Analysis of five pedestrian safety devices to begin soon
As concerns about “distracted walking” increase, TriMet is teaming up with the Federal Transit Administration (FTA) to enhance pedestrian safety. The FTA awarded TriMet a $400,000 grant – $100,000 more than we requested – to conduct a comprehensive study demonstrating the effectiveness of a handful of pedestrian warning devices that alert people to the presence or movement of a bus.
This demonstration comes at a time when “distracted walking” is beginning to draw as much attention as distracted driving. A nationwide study by Ohio State University released this summer found that injuries related to using a cell phone while walking more than doubled from 2005 to 2010 and, if trends continue, the number of injuries will double again between 2010 and 2015.
For drivers, including our bus and train operators, distracted walkers have become a common sight in busy pedestrian areas such as downtown Portland. They often are so engrossed in their electronic devices they do not pay attention to the traffic around them. Last year, University of Washington researchers found walkers who were texting were four times less likely to look before crossing streets, stay in crosswalks or obey traffic signals.
Bus/Pedestrian warning demonstration
Soon, TriMet will begin using and analyzing five devices – four onboard systems and one fixed-location device. TriMet’s safety department initially planned to begin the demonstration of three devices in September, but with the additional money awarded by the FTA the department has expanded the scope, adding two other devices to the study.
“Nothing will replace the awareness and diligence of drivers and pedestrians to prevent collisions, but the hope is that these secondary warning devices will create an additional layer of safety for people around our buses,” said TriMet’s Executive Director of Safety, Security and Environmental Services Harry Saporta.

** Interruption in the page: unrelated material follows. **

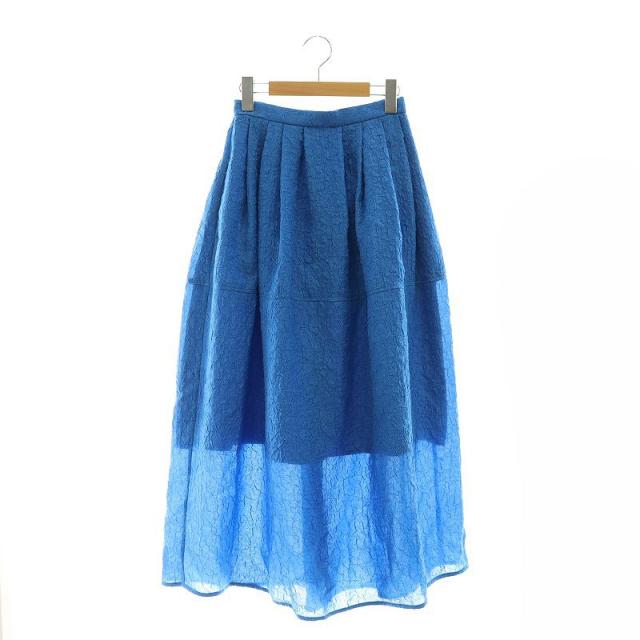 【中古】ルシェルブルー LE CIEL BLEU 23AW Textured Flare Skirt スカート ロング フレア 34 青 ブルー レディースの通販は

Protran Technology Safe Turn Alert™
Protran’s “Safe Turn Alert” combines both an audible and visible warning. When the steering wheel is turned a minimum of 45 degrees, an audible alert outside the bus declares “pedestrians, bus is turning” and LED strobe lights on the side of the bus flash. The volume automatically adjusts based on the ambient noise level. For this demonstration, this voice alert and the others involved will only be in English.
Listen to the audible warning being used by this device and others.
Audible only devices
Clever Devices Turn Warning System
The Clever Devices Turn Warning System uses a sensor inside the steering column. When the operator turns the steering wheel at least 45 degrees, the same audible alert, “pedestrians, bus is turning” sounds outside the bus in the direction of the turn. Sound levels can be automatically adjusted for day or night, or quiet zones.
Transit Tech Solutions basic warning system with speedsense
This system was developed by the transit agency in Richmond, Virginia. The verbal warning activates when the left or right turn signal is engaged, but will not activate if the bus is traveling at a speed of 35 mph or higher. This prevents the vehicle from warning pedestrians when changing lanes in the middle of the highway.
Visual only device
DINEX™ STAR LED headlight with Pedestrian Crossing Alert
The DINEX STAR LED headlight has an intelligent system that calculates the bus’s speed and steering wheel angle. It automatically turns on additional super bright LED lights inside the headlight pointed in the direction of travel. Operators can better see objects on the road directly ahead and pedestrians get a visual cue the bus is turning.
Static bus warning sign
TriMet engineers created a sign in which the word “bus” lights up when a bus is turning. It is located at the intersection of SW 5th Avenue at Burnside Street and is positioned above the pedestrian walk/don’t walk signal.
Eighty nine buses will be used in the demonstration, 51 with warning devices engaged and 38 without devices. At this time, the plan is to use the onboard devices on bus lines 8, 15, 17, 44 and 75. The fixed-location device is already installed at 5th and Burnside and will be turned on in mid to late November when the other devices go live.
TriMet did try out an audible pedestrian warning system previously. In early 2011, we tested the system on 10 buses, but at the time the technology was lacking. A verbal voice alert that the bus was turning often came too early, too late or not at all. The test was suggested as part of a comprehensive safety review initiated following the April 2010 bus crash in which two pedestrians died.
Peer, operator and public feedback
The project starting next month will analyze updated safety technology. We’ll be working with an industry peer review panel made up of transit industry leaders and will connect with other transit agencies about the use and effectiveness of the pedestrian warning devices. Bus operators, other TriMet personnel, riders and members of the community will be asked for their input as part of the overall assessment.